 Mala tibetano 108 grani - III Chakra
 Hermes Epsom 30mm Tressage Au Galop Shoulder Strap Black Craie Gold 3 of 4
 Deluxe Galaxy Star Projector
━━━━
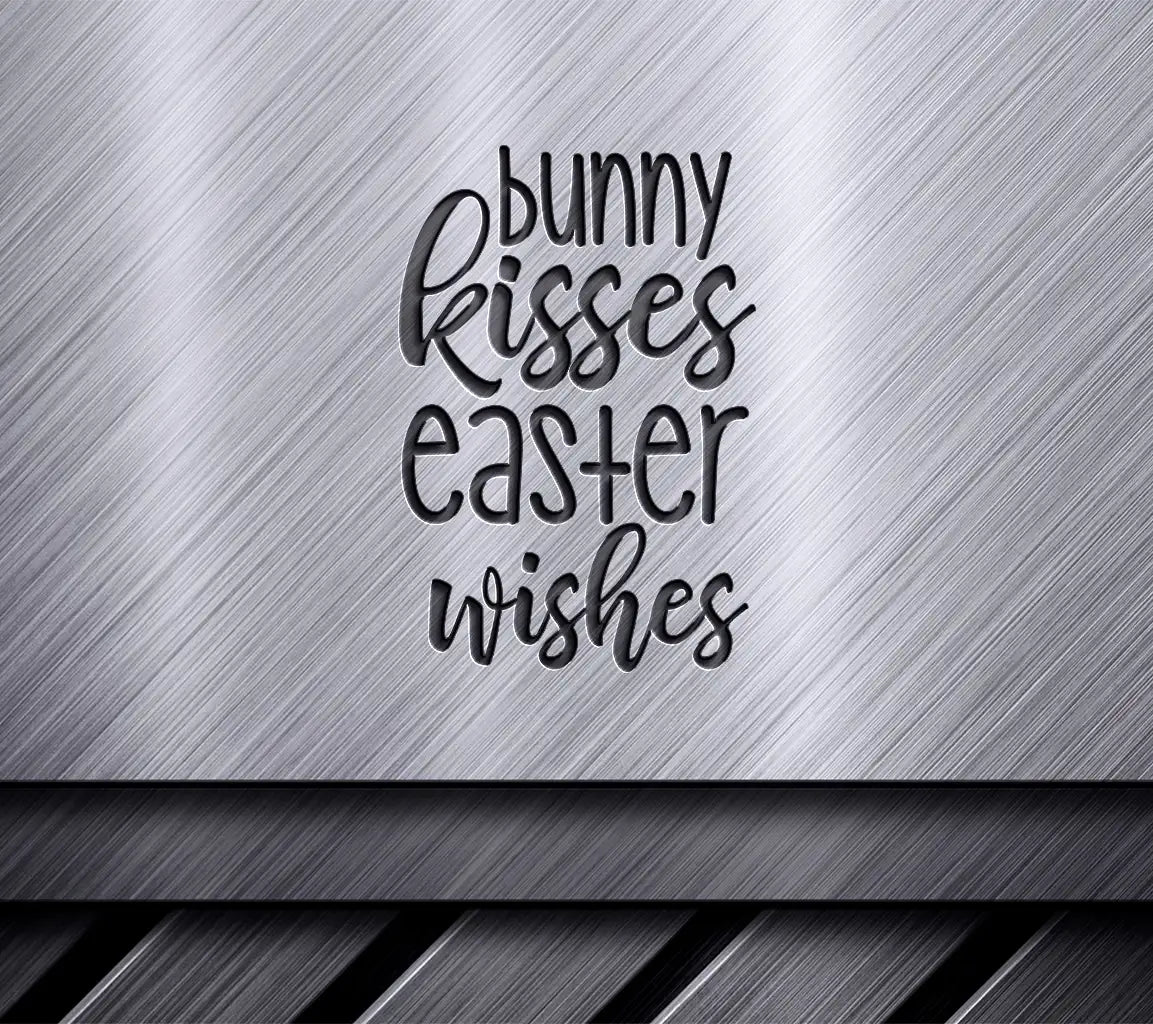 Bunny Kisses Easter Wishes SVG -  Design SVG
━━━━
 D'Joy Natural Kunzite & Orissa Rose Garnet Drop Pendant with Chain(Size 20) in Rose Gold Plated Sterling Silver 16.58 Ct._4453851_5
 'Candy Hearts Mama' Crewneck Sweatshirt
━━━━
(What is being asked): Scan the listing for the string "Gold". Copy each line that has it.

(Result below):
 Hermes Epsom 30mm Tressage Au Galop Shoulder Strap Black Craie Gold 3 of 4
 D'Joy Natural Kunzite & Orissa Rose Garnet Drop Pendant with Chain(Size 20) in Rose Gold Plated Sterling Silver 16.58 Ct._4453851_5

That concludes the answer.